··· Extracted records ···
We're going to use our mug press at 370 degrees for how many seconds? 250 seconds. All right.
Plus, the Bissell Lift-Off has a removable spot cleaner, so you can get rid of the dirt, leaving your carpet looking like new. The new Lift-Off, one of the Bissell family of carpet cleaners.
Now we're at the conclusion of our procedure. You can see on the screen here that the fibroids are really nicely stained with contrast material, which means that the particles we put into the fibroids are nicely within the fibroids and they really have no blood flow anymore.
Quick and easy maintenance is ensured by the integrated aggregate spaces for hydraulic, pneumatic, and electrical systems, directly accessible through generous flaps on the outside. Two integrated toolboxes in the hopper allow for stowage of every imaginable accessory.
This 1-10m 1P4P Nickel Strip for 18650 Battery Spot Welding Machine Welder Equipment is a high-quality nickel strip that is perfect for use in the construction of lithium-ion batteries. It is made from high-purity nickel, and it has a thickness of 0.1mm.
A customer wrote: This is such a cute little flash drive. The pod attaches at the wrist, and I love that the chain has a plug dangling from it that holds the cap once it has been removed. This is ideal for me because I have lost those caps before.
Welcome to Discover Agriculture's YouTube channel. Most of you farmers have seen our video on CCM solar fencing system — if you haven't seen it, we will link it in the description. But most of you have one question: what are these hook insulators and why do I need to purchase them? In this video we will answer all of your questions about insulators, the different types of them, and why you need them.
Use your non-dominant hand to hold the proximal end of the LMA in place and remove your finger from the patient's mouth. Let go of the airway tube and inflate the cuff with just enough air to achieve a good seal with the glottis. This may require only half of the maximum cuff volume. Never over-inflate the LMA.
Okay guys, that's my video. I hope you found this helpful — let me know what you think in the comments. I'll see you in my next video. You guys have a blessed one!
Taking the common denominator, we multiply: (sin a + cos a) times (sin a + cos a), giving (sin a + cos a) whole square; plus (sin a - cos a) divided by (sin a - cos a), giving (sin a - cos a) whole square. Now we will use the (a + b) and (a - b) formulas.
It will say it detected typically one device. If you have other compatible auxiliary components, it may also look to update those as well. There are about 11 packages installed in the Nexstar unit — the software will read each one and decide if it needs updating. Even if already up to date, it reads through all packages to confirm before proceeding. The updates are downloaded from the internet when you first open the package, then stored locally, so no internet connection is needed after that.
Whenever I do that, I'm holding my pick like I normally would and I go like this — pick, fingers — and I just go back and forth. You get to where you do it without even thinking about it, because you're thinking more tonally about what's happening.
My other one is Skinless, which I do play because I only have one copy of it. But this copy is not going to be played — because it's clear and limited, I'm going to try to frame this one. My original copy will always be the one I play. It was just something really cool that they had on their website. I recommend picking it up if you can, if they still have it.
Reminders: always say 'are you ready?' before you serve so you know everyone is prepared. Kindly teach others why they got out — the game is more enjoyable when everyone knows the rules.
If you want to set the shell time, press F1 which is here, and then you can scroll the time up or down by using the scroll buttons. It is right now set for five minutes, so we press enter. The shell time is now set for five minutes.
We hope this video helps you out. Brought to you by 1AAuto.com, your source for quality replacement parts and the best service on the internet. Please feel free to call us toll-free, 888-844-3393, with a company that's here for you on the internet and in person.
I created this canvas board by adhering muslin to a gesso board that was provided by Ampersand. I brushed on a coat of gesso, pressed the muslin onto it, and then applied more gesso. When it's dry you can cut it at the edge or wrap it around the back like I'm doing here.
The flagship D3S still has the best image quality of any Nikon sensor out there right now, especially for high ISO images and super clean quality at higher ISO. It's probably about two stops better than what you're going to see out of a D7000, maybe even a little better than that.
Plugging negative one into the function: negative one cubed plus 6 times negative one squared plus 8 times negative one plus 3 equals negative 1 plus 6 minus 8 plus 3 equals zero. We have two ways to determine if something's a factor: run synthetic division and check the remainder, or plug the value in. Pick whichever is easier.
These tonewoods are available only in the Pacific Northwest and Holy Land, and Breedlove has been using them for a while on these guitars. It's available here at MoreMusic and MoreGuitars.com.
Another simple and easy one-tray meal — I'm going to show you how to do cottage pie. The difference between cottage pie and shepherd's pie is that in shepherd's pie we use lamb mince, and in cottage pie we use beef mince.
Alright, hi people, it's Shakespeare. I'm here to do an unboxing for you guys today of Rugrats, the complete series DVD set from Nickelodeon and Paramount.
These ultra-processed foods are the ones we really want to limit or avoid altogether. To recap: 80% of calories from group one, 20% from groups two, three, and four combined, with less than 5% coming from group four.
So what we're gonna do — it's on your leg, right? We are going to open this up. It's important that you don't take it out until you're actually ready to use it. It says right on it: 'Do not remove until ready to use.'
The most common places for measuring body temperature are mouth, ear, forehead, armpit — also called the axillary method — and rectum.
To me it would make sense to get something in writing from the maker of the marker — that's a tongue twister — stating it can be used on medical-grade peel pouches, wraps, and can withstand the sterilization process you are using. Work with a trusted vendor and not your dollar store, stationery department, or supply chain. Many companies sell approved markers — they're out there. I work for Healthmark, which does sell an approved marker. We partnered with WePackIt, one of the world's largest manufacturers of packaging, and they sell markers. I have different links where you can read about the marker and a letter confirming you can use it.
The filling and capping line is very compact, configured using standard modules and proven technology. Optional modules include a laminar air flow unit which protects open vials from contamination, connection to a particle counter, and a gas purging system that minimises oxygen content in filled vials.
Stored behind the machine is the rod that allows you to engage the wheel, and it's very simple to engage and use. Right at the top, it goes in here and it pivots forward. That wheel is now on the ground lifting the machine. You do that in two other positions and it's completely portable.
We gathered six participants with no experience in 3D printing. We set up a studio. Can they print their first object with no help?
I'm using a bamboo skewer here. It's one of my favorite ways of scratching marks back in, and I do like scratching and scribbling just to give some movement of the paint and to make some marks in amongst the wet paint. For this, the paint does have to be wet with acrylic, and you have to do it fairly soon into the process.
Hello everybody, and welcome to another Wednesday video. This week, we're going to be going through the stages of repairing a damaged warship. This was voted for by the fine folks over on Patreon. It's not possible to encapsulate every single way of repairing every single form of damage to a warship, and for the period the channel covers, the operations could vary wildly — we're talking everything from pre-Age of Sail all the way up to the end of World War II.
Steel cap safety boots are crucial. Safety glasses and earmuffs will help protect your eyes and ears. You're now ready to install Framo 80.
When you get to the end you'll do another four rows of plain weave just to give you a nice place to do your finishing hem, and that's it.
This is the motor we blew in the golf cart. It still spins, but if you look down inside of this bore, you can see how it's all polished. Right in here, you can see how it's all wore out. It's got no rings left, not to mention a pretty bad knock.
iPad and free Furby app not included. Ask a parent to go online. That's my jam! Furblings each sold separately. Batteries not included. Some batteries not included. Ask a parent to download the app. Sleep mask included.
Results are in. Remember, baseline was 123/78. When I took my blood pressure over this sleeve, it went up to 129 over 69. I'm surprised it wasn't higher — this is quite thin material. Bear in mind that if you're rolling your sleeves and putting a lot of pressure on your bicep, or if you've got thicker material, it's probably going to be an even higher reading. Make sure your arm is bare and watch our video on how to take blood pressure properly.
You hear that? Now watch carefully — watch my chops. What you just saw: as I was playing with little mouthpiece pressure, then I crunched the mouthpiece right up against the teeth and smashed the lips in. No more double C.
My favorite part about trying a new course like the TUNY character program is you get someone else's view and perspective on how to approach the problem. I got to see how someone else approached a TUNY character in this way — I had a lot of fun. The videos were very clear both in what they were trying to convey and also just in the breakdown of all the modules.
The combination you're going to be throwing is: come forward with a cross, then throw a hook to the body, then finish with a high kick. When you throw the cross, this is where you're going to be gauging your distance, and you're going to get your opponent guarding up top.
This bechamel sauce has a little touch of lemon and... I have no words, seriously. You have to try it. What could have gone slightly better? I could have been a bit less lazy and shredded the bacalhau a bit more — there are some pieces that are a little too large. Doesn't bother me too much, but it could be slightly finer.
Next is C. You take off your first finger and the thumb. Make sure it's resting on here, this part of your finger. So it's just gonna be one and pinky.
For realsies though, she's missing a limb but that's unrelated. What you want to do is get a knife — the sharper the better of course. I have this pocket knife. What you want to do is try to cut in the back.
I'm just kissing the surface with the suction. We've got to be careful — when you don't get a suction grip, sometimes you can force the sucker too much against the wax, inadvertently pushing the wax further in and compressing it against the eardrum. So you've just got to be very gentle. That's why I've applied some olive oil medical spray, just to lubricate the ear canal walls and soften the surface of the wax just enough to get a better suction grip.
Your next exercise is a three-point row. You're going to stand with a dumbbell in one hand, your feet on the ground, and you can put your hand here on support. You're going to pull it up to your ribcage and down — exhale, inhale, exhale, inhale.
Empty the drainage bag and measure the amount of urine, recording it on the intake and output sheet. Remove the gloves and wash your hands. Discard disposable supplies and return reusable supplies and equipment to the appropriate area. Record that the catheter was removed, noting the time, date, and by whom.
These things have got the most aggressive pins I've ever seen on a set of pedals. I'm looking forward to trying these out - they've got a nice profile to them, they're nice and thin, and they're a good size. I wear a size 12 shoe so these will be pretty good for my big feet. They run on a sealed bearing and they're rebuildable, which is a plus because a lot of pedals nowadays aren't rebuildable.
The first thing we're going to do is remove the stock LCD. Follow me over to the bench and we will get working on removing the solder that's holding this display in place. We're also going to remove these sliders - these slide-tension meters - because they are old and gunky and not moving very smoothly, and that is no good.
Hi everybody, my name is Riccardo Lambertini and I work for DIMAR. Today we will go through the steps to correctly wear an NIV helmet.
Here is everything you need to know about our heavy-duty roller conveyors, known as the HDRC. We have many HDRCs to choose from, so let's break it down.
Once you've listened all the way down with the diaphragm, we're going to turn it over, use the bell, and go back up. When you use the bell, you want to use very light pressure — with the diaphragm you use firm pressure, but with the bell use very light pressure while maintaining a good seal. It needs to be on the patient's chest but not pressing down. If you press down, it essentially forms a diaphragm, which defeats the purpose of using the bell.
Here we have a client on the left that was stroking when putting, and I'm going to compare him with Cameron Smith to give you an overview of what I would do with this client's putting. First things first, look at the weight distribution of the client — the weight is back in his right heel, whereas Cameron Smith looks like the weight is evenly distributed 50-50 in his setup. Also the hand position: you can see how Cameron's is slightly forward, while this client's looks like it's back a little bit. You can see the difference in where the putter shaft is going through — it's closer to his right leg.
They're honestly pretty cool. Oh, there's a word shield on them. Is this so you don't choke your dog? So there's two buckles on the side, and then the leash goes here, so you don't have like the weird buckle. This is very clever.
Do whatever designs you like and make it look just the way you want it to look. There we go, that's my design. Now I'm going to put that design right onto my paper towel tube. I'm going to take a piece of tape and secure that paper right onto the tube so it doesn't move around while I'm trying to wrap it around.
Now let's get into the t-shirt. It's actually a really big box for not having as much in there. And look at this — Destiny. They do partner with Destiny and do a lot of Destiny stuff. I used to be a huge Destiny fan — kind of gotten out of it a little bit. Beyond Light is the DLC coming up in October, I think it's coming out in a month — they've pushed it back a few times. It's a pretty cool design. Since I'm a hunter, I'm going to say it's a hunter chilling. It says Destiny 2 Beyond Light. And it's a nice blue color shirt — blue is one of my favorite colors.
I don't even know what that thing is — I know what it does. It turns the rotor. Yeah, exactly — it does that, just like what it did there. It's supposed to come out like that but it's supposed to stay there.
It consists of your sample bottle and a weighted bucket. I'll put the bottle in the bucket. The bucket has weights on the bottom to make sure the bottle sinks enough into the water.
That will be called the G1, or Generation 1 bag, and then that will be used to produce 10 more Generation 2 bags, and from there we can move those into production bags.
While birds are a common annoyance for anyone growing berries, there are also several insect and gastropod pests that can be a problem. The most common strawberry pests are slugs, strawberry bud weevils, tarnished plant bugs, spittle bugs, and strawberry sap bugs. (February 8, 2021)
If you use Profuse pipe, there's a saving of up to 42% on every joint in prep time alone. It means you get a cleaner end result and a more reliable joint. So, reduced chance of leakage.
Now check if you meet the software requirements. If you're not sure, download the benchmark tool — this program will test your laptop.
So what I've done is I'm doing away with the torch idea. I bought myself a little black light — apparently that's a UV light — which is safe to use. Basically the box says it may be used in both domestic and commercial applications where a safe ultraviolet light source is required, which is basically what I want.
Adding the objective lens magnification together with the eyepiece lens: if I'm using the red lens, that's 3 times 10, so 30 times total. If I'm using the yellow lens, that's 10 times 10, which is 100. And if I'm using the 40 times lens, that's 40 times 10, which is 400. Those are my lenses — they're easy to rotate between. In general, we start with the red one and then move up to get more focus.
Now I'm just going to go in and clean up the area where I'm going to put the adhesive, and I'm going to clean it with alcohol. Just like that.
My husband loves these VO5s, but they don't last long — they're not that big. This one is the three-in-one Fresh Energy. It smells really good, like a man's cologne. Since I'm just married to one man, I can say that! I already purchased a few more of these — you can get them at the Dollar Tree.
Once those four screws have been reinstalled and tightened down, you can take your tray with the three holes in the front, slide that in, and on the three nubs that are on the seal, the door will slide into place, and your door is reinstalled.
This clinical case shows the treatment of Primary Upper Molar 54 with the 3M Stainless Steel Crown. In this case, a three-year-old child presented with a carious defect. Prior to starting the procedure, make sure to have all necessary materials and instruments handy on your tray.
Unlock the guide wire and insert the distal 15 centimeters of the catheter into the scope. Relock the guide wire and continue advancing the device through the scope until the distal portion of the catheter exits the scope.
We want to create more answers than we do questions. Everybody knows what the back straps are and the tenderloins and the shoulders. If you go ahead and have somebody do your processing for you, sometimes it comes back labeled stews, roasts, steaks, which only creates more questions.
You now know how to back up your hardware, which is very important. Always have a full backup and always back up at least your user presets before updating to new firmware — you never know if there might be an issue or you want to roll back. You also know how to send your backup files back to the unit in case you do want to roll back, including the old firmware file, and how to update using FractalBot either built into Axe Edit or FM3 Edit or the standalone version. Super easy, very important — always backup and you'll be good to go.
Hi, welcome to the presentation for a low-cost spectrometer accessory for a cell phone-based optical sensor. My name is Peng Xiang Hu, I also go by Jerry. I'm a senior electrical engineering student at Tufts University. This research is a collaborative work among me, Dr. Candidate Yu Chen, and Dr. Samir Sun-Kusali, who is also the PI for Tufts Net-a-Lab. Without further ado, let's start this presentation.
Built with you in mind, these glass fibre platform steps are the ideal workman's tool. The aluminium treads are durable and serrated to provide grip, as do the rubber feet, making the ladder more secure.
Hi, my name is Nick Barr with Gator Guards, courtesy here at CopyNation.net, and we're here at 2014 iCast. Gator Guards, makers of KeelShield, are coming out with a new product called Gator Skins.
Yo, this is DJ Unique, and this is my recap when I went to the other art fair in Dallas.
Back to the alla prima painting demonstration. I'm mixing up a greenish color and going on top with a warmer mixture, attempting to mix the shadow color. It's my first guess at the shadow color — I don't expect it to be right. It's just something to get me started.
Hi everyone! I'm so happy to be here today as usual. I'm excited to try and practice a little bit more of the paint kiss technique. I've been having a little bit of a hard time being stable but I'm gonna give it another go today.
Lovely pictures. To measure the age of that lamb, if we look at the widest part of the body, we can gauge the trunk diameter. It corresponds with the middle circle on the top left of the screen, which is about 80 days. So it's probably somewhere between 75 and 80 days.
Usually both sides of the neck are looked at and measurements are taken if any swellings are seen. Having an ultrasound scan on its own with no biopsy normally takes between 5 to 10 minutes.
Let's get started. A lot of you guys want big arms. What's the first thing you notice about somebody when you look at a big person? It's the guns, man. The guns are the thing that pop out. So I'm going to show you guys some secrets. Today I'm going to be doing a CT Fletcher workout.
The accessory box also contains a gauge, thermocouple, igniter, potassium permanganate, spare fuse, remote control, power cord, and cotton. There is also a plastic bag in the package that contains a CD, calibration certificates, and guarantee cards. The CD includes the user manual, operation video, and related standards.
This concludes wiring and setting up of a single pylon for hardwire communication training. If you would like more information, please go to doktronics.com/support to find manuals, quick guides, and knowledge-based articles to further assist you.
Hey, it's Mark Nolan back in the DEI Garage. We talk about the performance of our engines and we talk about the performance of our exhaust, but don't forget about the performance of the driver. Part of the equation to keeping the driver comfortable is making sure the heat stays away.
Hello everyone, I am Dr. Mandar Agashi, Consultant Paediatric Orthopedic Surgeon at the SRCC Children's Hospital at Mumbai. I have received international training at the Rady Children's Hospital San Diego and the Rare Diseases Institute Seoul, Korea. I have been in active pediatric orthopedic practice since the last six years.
···
* [Exercise instructions]:
The lines running from the start of the data through the one that contains "Welcome to Discover" should be reproduced exactly, and only those.

* [Result below]:
We're going to use our mug press at 370 degrees for how many seconds? 250 seconds. All right.
Plus, the Bissell Lift-Off has a removable spot cleaner, so you can get rid of the dirt, leaving your carpet looking like new. The new Lift-Off, one of the Bissell family of carpet cleaners.
Now we're at the conclusion of our procedure. You can see on the screen here that the fibroids are really nicely stained with contrast material, which means that the particles we put into the fibroids are nicely within the fibroids and they really have no blood flow anymore.
Quick and easy maintenance is ensured by the integrated aggregate spaces for hydraulic, pneumatic, and electrical systems, directly accessible through generous flaps on the outside. Two integrated toolboxes in the hopper allow for stowage of every imaginable accessory.
This 1-10m 1P4P Nickel Strip for 18650 Battery Spot Welding Machine Welder Equipment is a high-quality nickel strip that is perfect for use in the construction of lithium-ion batteries. It is made from high-purity nickel, and it has a thickness of 0.1mm.
A customer wrote: This is such a cute little flash drive. The pod attaches at the wrist, and I love that the chain has a plug dangling from it that holds the cap once it has been removed. This is ideal for me because I have lost those caps before.
Welcome to Discover Agriculture's YouTube channel. Most of you farmers have seen our video on CCM solar fencing system — if you haven't seen it, we will link it in the description. But most of you have one question: what are these hook insulators and why do I need to purchase them? In this video we will answer all of your questions about insulators, the different types of them, and why you need them.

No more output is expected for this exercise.